Other featured speakers who will discuss diversity and migration include author Haidar Bagir, who promotes pluralism and progressive Islamic thought through interfaith dialogue; and British playwright, screenwriter, filmmaker and novelist Hanif Kureishi, who will appear alongside former Australian Human Rights Commission president Gillian Triggs, who launched an inquiry into the detention of child immigrants.

Ndaba Mandela, a rights activist from Johannesburg, South Africa and grandson of the iconic freedom fighter Nelson Mandela, is also set to attend the festival.

Environmental issues will also be under the spotlight at the festival, with speakers including Fisheries and Maritime Affairs Minister Susi Pudjiastuti, Greenpeace Southeast Asia executive director Yeb Saño and activist Emmanuela Shinta, who defends the rights of the indigenous Dayak people in Kalimantan.

A panel on disaster management will feature Indonesian seismologist Devy Kamil Syahbana, photographer Rio Helmi, activist Ade Andreawan, Japanese artist Daisuke Takeya and Australian journalist Jewel Topsfield, whose lives are closely tied to the issue.

“Over the years, our programs get more diverse. For instance, we have included Indonesian films as a big chunk of our program [this year],” DeNeefe said.

The festival will also honor Indonesian filmmakers, such as Richard Oh, who will premiere his fifth film Love is a Bird at the event, as well as Kamila Andini, the director of 2017’s award-winning Sekala Niskala (The Seen and Unseen).

DeNeefe said she felt Indonesians were learning to have a sense of ownership over the festival as well. “Recently, we have been seeing around a 50 percent increase of Indonesians among the audience and with the recent growth, we project that our Indonesian audience will grow 50 percent bigger in another five years,” she says.

The festival’s organizer was also praised for its success in bringing in prominent international authors, which was not an easy task to accomplish.

“These [prominent] writers know we’re really a grassroots festival, of real people trying to make a real difference,” DeNeefe humbly explained the festival’s success in featuring big names in its programs.

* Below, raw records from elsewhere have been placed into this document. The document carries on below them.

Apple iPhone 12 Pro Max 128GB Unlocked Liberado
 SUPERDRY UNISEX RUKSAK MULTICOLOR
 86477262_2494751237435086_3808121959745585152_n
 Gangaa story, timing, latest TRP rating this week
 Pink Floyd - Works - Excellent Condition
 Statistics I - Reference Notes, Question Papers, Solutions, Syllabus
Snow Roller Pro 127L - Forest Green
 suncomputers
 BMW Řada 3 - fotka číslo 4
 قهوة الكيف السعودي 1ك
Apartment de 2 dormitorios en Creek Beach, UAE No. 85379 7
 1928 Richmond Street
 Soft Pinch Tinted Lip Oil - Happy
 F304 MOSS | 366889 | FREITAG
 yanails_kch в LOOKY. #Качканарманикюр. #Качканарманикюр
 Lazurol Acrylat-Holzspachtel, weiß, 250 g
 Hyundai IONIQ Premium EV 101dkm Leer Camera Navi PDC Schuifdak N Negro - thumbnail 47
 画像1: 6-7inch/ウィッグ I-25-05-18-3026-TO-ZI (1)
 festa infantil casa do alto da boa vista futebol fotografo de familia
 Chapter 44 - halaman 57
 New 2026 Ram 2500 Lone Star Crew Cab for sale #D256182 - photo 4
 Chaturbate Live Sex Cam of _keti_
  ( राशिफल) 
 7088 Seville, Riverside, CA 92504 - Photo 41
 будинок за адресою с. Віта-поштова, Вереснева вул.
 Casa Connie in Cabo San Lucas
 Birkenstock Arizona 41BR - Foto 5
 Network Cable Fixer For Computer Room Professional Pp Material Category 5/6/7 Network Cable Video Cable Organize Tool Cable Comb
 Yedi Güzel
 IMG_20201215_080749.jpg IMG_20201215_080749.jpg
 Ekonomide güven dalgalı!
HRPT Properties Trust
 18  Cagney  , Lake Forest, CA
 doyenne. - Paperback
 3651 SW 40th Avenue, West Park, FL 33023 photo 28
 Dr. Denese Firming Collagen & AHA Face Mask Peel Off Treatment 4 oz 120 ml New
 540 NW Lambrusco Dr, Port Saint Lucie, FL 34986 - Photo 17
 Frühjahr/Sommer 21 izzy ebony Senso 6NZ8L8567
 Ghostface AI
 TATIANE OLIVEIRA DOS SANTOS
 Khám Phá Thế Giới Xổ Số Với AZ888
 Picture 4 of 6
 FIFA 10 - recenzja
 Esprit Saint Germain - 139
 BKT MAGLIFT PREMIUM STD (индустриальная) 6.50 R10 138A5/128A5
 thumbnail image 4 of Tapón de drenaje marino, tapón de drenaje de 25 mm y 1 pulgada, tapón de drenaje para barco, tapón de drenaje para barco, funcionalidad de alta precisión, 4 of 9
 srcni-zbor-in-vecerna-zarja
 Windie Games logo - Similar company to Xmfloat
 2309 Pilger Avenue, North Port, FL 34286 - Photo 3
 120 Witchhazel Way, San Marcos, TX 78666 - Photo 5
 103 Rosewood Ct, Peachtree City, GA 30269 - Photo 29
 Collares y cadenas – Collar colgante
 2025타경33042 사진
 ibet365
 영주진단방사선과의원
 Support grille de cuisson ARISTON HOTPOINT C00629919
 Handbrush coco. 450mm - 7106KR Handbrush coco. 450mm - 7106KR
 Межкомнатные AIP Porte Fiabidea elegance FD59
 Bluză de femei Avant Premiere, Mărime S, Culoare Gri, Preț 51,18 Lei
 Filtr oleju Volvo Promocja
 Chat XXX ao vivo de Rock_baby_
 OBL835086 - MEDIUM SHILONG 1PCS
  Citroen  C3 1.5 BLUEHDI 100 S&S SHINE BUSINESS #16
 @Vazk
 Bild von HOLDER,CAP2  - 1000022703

Indonesian novelist and journalist Leila S. Chudori, who will also appear at this year’s festival, said she was not only impressed by the festival’s success in bringing in prominent international authors but was equally impressed by the festival’s audience as well.

“We can tell that the audience members are avid readers by the quality of their questions [during panel discussions],” Leila told the Post.

Veteran poet Sapardi Djoko Damono, also featured in the upcoming UWRF 2018, said the festival’s creative and intellectual atmosphere could motivate Indonesian writers to further improve the quality of their works.

“[To sharpen their skills] Indonesian writers must communicate and form networks [with their international counterparts] during the festival,” Sapardi said.